4.15 to 5.45 pm, 3 May 2016, Room 780, UCL Institute of Education, 20 Bedford Way, London WC1H 0AL
Presenter: Professor Sheng-Ju Chan
As a vibrant economic entity in East Asia, Taiwan has been well-known internationally for its flexibility and efficiency. However, the country’s prosperity is under serious challenge due to the emerging phenomena of worsening labour markets and stagnant social mobility for the younger generation. This paper starts with a concise analysis of the changing demographic composition in Taiwan, for which the author adopts a longitudinal perspective in order to examine critically current employment scenarios by using unemployment rates and wage levels. The results show that university graduates face seriously declining wage levels and unstable career trajectories. Such structural transformation in turn constitutes a major barrier for upward social mobility in the long term. The conclusion suggests that demographic factors, higher education and training, and workforce/employment issues must be seen as a collective whole in order to address these developmental challenges.
Sheng-Ju Chan is a Professor at the Graduate Institute of Education, National Chung Cheng University, Taiwan. His areas of special interests are higher education policy, comparative education, and higher education management.

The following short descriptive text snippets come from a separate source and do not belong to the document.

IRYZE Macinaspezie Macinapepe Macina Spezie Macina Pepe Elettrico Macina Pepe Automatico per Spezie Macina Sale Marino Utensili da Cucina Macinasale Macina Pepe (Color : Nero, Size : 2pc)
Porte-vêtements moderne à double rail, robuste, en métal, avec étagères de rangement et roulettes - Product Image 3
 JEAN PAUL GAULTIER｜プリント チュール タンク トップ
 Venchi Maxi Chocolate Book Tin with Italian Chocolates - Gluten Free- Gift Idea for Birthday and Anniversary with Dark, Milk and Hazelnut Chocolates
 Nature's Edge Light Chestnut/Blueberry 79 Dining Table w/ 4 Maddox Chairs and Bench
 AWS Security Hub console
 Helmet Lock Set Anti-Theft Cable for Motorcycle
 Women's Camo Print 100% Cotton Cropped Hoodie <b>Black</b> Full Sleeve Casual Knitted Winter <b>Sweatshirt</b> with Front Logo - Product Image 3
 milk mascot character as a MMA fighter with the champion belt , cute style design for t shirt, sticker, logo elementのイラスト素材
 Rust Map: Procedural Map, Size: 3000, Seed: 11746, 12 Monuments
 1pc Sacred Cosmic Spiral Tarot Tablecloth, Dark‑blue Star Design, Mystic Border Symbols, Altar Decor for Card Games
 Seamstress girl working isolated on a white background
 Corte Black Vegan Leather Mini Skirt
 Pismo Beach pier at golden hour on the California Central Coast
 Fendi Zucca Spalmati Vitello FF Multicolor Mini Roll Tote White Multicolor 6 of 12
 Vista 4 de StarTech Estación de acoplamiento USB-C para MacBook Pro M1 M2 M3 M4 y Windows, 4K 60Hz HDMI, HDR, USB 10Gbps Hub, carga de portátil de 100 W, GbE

He is Co-editor of the book series, Higher Education in Asia (published by Springer) and is Associate Editor of Asian Education Development Studies (published by Emerald). He was Secretary-General of the Chinese Taipei Comparative Education Society from 2010 to 2014. An author of over 30 articles in refereed journals and PI for over 10 major international and comparative research projects, he is an expert in higher education and comparative education in Taiwan and East Asia more generally.
Sheng-Ju Chan has received a research grant from the Ministry of Science and Technology, Taiwan for international sabbatical leave and is currently a Visiting Professor at UCL, affiliated to LLAKES.
This event is sponsored by the Centre of Taiwan Studies, School of Oriental and African Studies, University of London.